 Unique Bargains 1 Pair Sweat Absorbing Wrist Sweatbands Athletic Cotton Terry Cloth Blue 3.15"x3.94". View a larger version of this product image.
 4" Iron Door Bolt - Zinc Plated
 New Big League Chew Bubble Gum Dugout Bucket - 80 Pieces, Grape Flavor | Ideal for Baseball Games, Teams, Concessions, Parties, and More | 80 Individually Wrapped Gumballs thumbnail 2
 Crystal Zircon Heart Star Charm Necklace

====

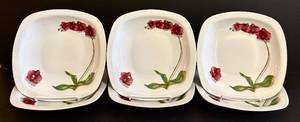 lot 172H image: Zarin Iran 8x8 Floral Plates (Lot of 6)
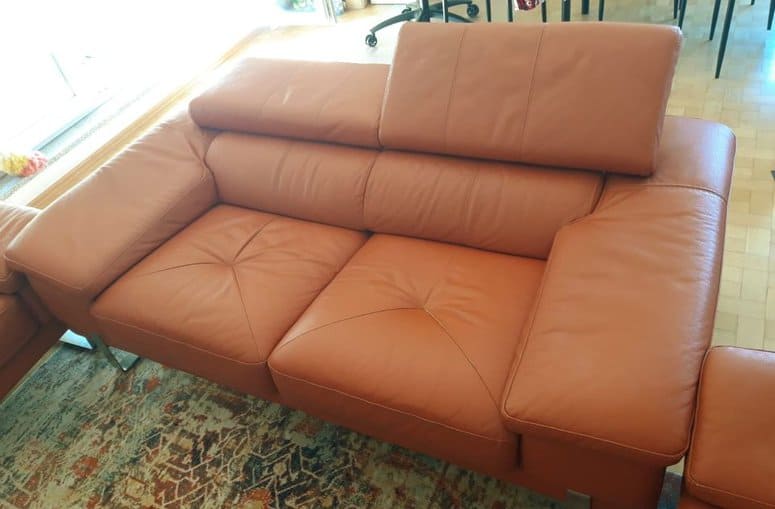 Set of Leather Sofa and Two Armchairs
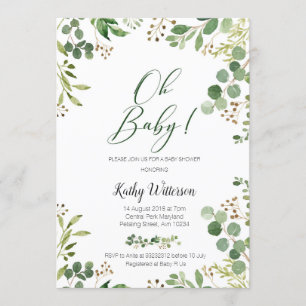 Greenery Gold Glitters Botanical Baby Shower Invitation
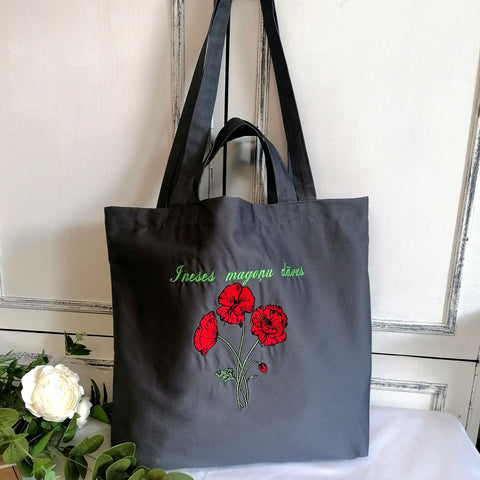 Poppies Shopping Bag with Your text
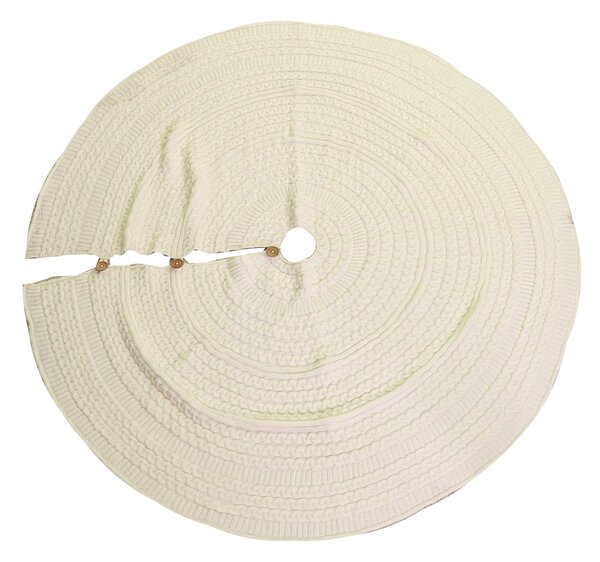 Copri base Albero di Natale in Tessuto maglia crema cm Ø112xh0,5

====

**Assignment**
Reprint exactly the lines above that start at the one with "Unique Bargains 1" and end at the one with "Crystal Zircon Heart Star Charm Necklace", keeping both and adding none.

**Task response**
 Unique Bargains 1 Pair Sweat Absorbing Wrist Sweatbands Athletic Cotton Terry Cloth Blue 3.15"x3.94". View a larger version of this product image.
 4" Iron Door Bolt - Zinc Plated
 New Big League Chew Bubble Gum Dugout Bucket - 80 Pieces, Grape Flavor | Ideal for Baseball Games, Teams, Concessions, Parties, and More | 80 Individually Wrapped Gumballs thumbnail 2
 Crystal Zircon Heart Star Charm Necklace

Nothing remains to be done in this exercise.